> Data shown
=== Section Start ===
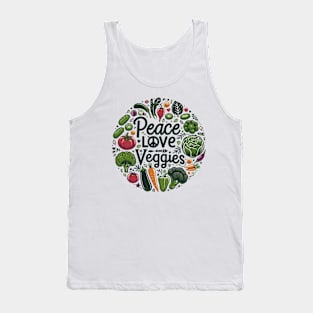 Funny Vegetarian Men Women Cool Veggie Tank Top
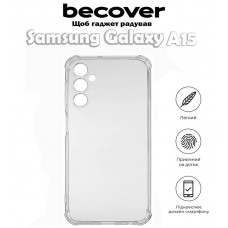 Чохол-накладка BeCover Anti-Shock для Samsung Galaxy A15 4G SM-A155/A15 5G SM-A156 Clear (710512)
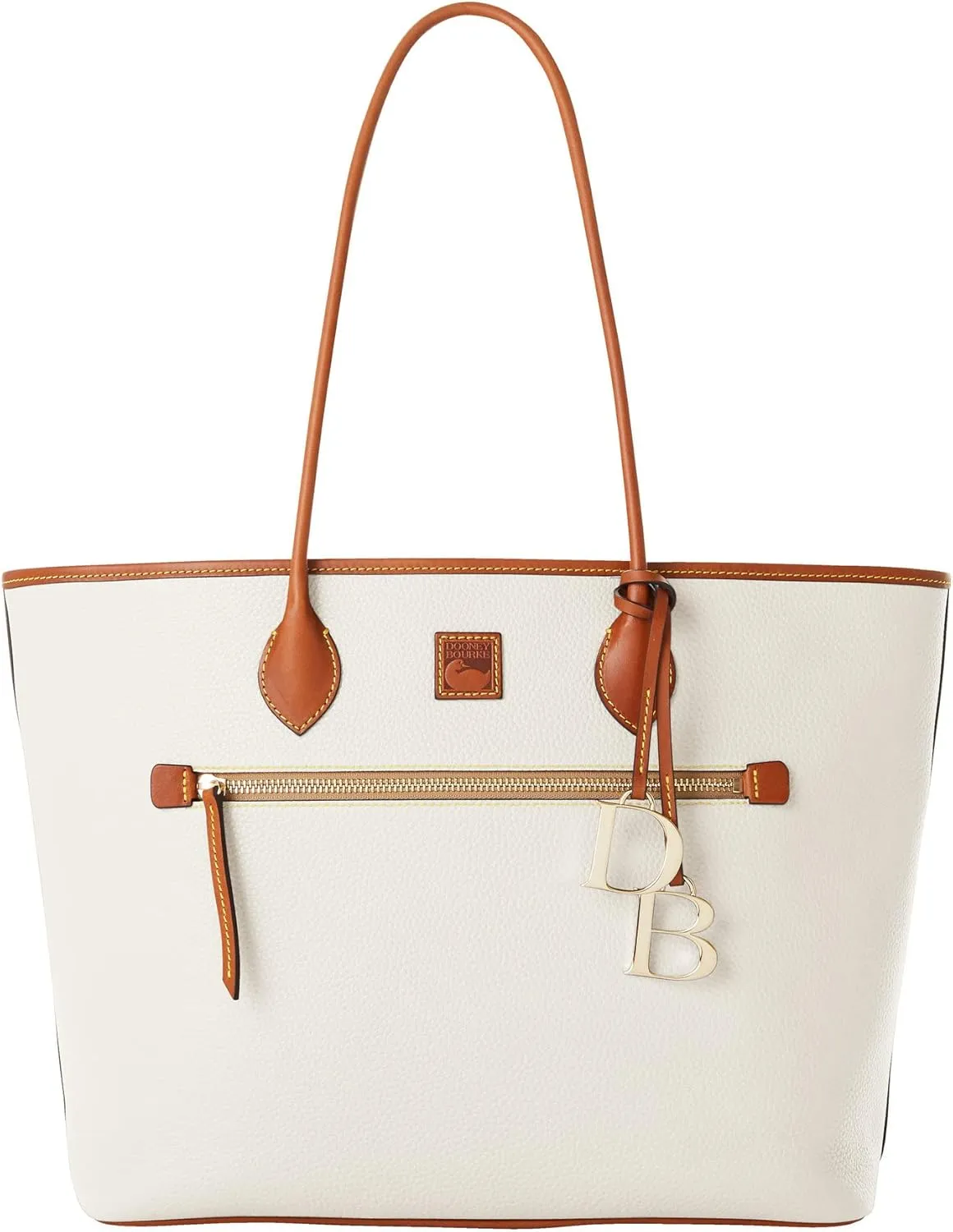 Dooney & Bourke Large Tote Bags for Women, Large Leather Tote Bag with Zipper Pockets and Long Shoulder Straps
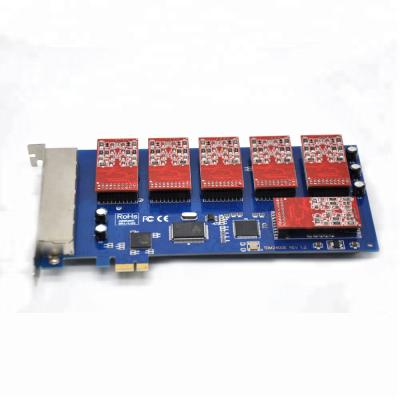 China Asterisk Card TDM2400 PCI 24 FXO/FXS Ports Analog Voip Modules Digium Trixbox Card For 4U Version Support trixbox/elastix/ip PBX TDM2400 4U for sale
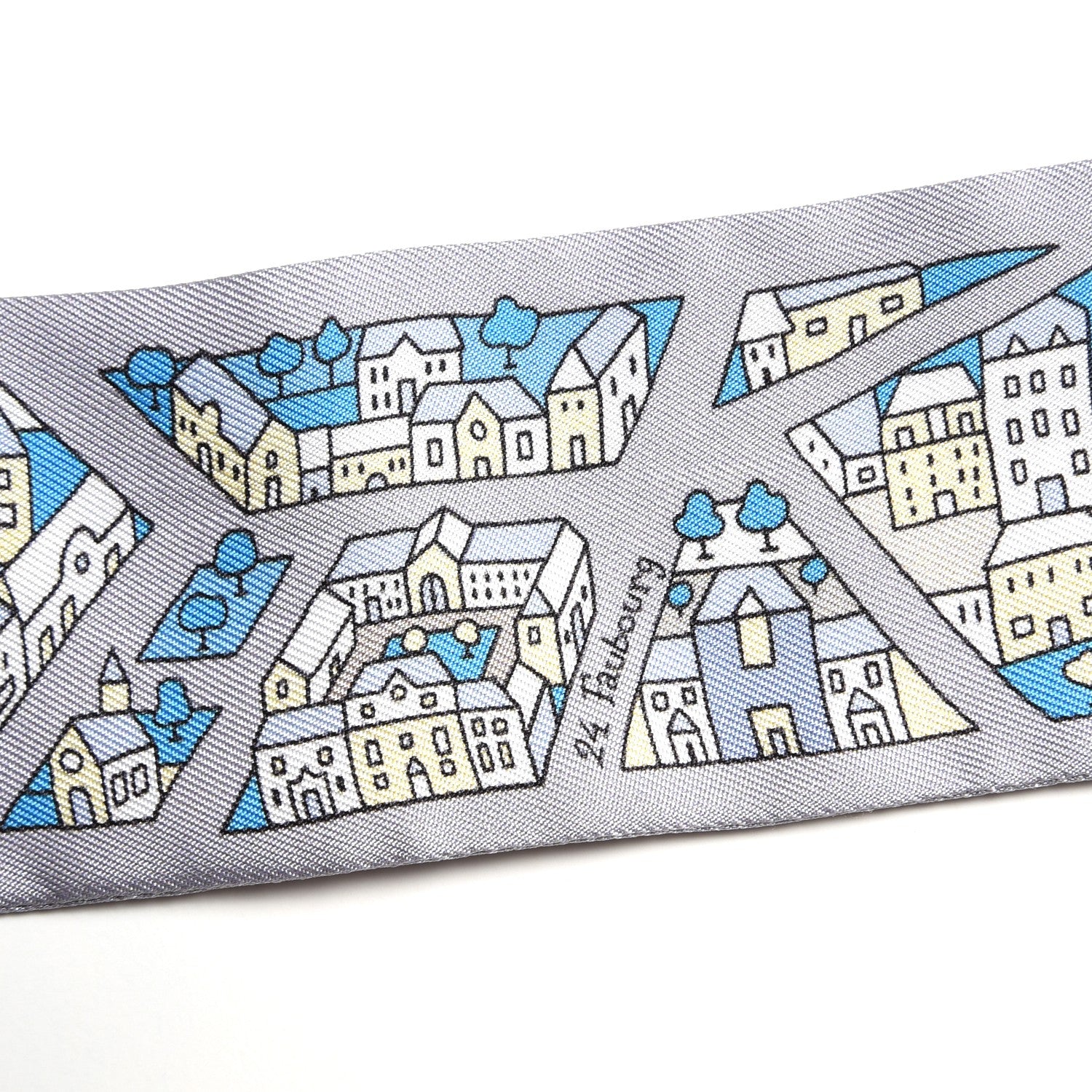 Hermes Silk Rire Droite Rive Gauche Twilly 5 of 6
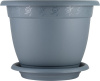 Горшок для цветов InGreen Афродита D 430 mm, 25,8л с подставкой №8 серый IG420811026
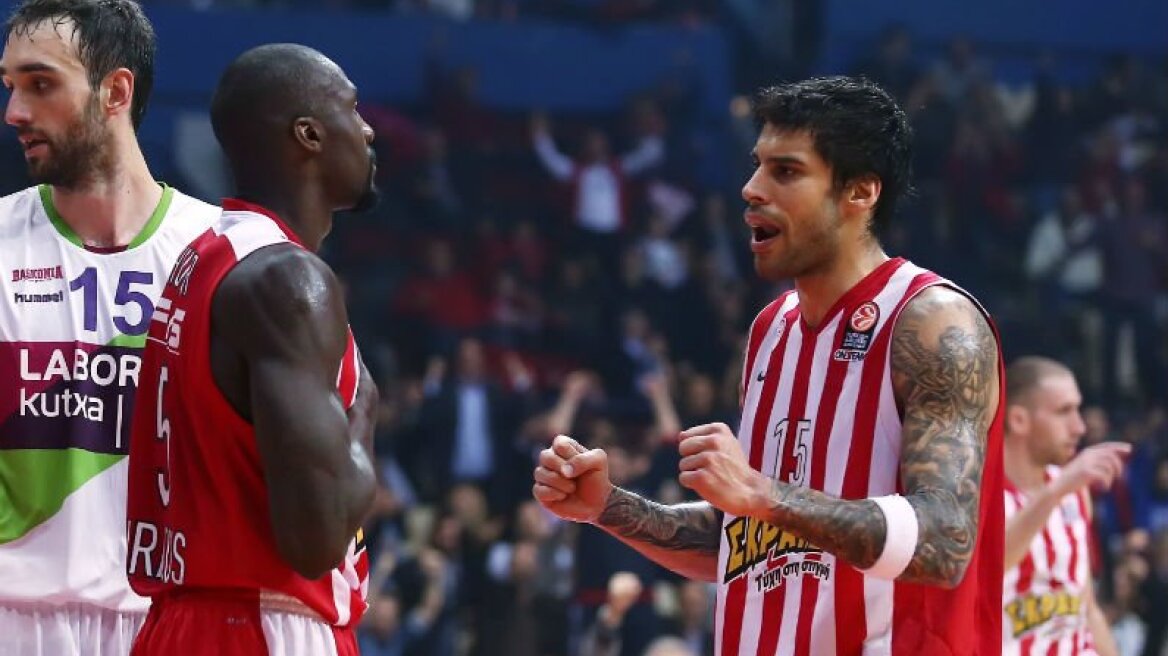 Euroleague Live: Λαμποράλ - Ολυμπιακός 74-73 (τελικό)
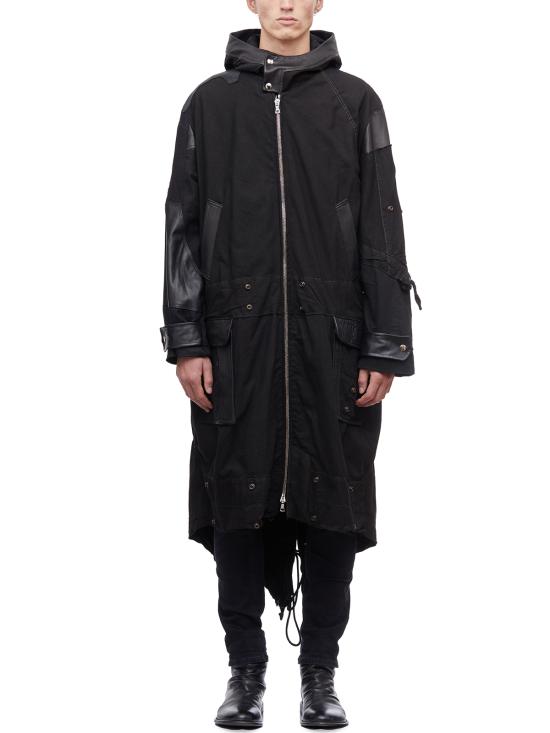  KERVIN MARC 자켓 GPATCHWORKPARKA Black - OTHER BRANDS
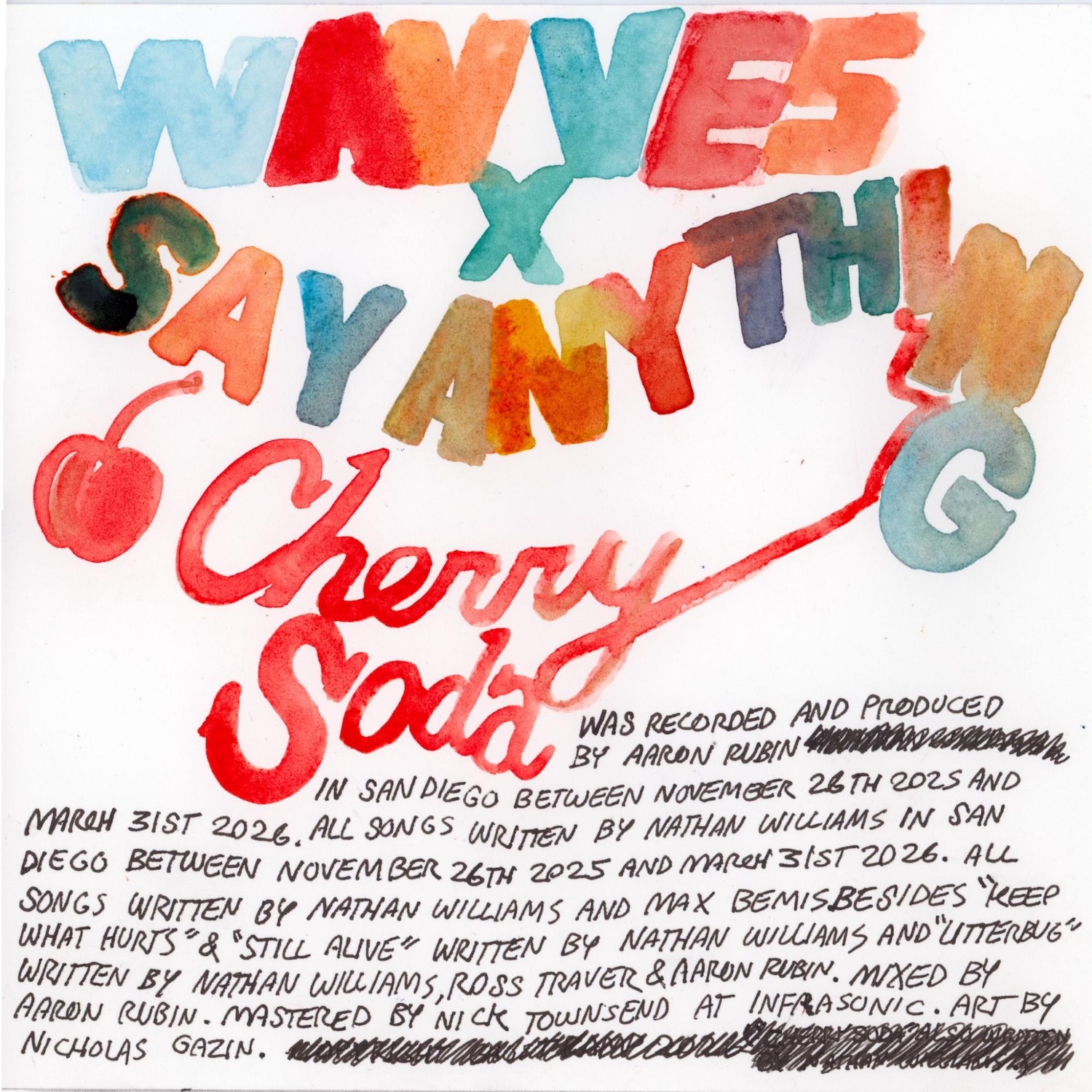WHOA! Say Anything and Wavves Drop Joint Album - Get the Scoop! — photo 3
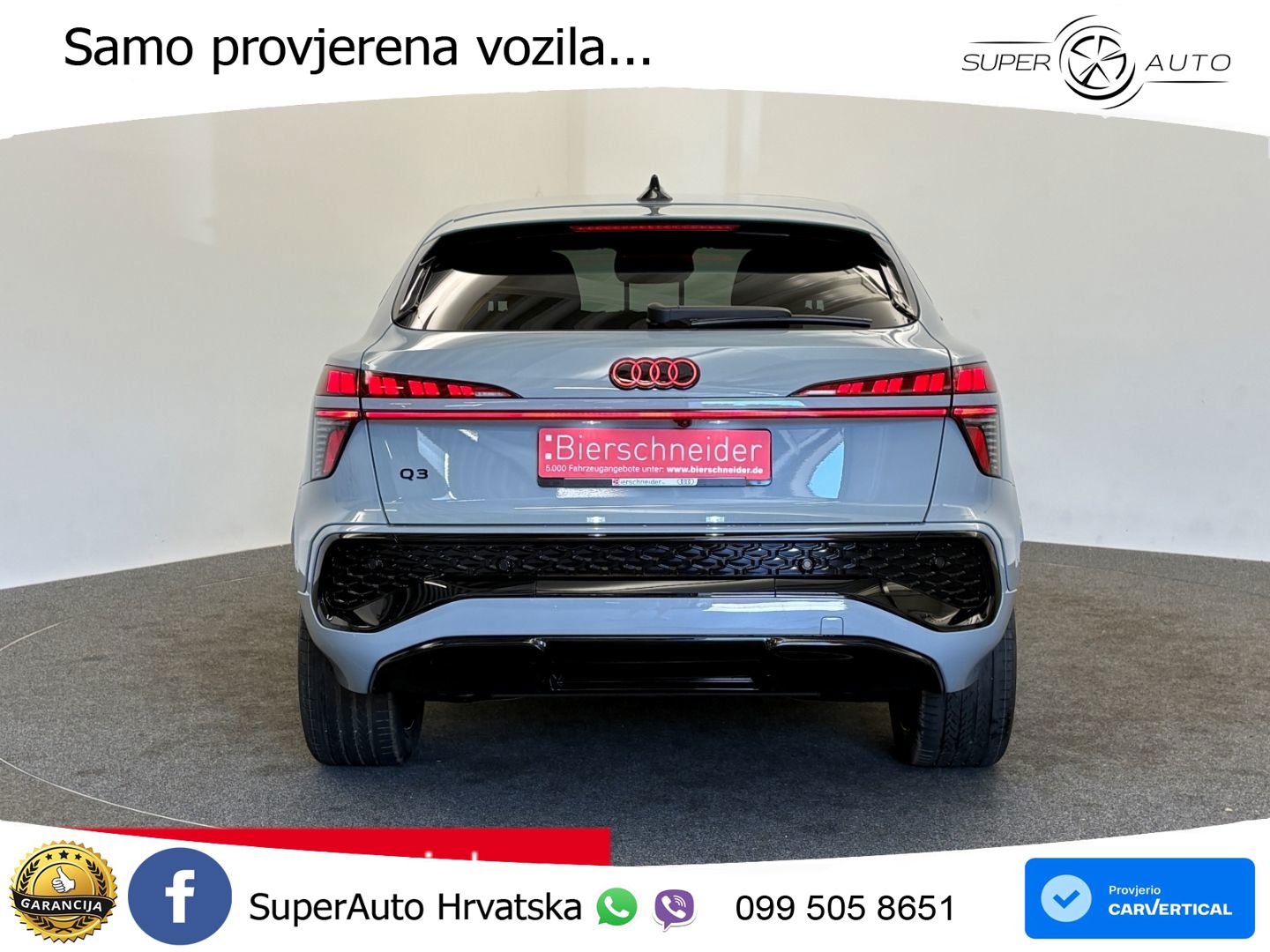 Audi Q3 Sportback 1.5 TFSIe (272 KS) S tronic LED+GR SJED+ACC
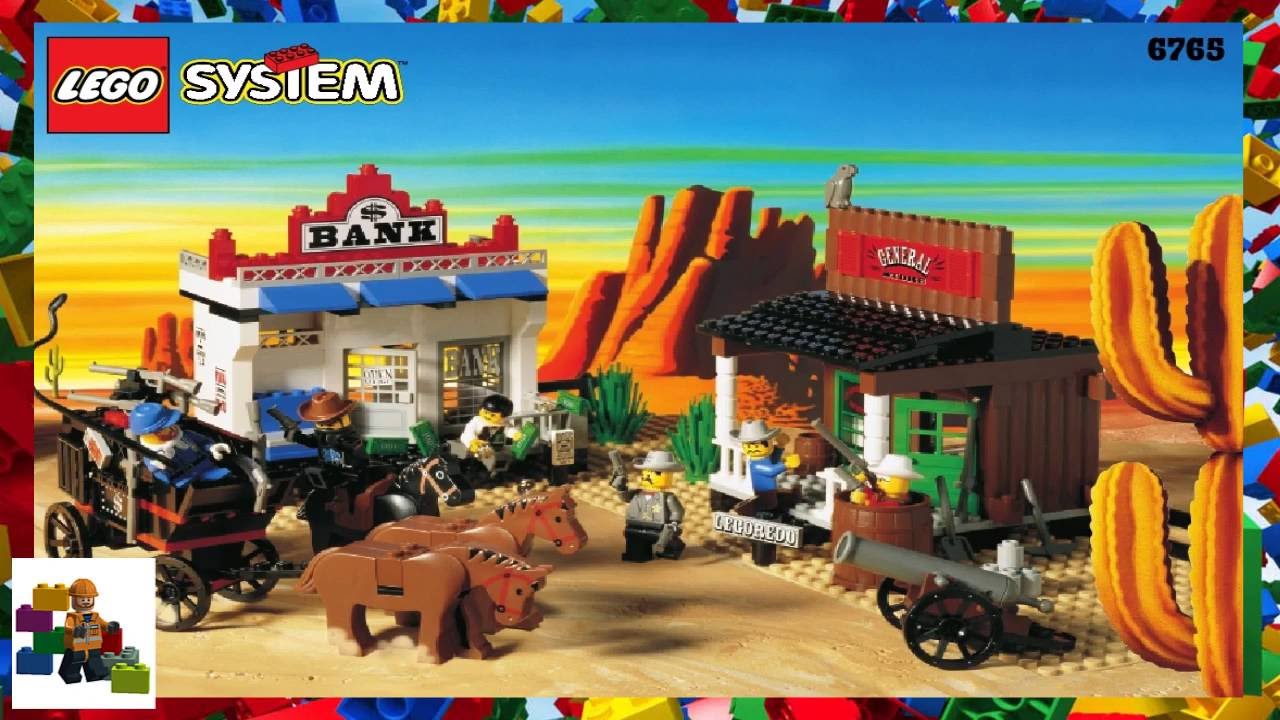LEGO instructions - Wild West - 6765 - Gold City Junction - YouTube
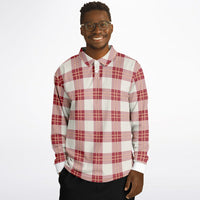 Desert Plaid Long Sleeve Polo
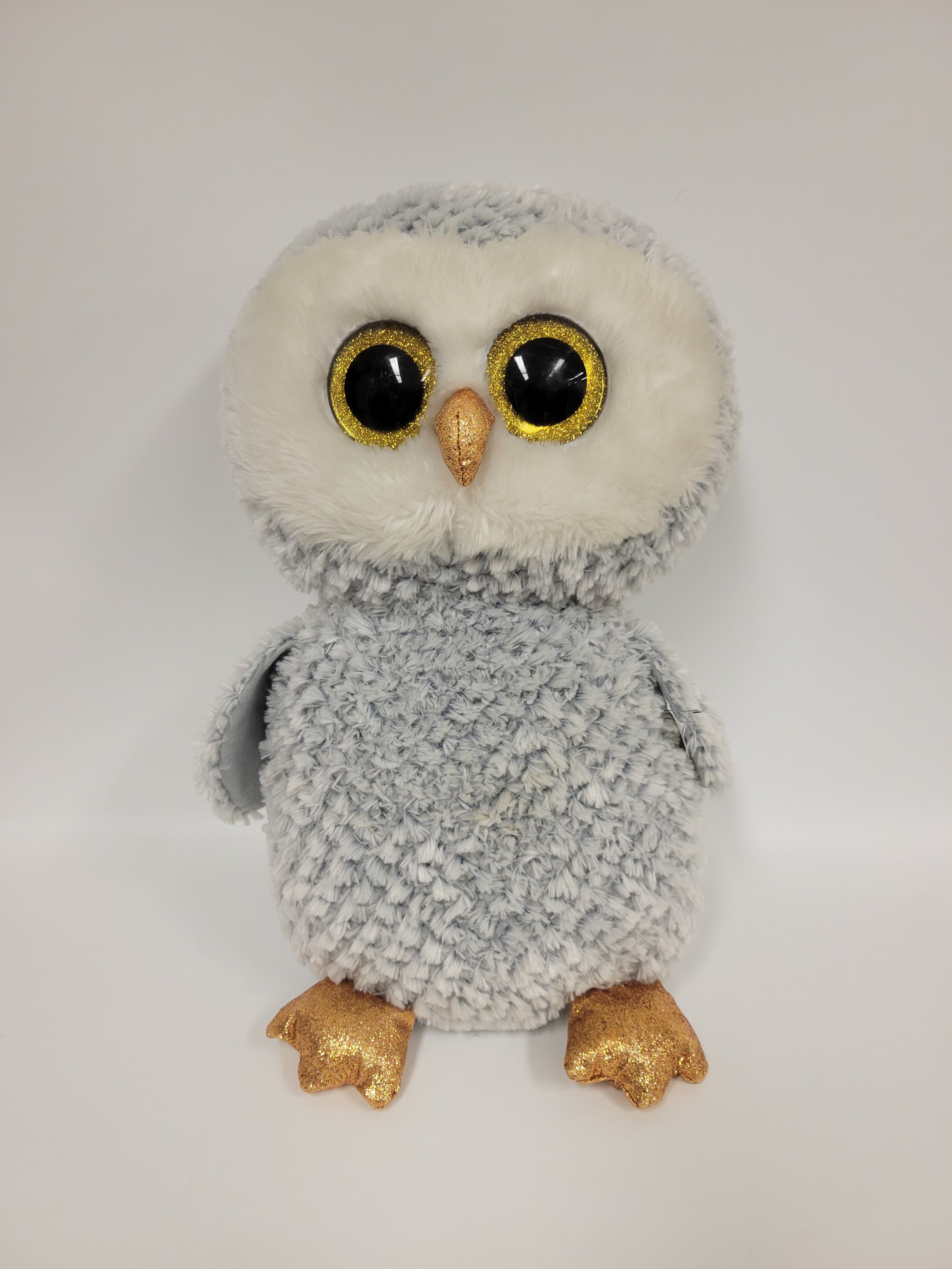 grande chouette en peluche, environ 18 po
=== Section End ===
> What to do
Nothing but the lines from the one with "Dooney & Bourke" to the one with "KERVIN MARC 자켓" above, both included, should be transcribed, exactly and without pictures.

> Solution
 Dooney & Bourke Large Tote Bags for Women, Large Leather Tote Bag with Zipper Pockets and Long Shoulder Straps
 China Asterisk Card TDM2400 PCI 24 FXO/FXS Ports Analog Voip Modules Digium Trixbox Card For 4U Version Support trixbox/elastix/ip PBX TDM2400 4U for sale
 Hermes Silk Rire Droite Rive Gauche Twilly 5 of 6
 Горшок для цветов InGreen Афродита D 430 mm, 25,8л с подставкой №8 серый IG420811026
 Euroleague Live: Λαμποράλ - Ολυμπιακός 74-73 (τελικό)
  KERVIN MARC 자켓 GPATCHWORKPARKA Black - OTHER BRANDS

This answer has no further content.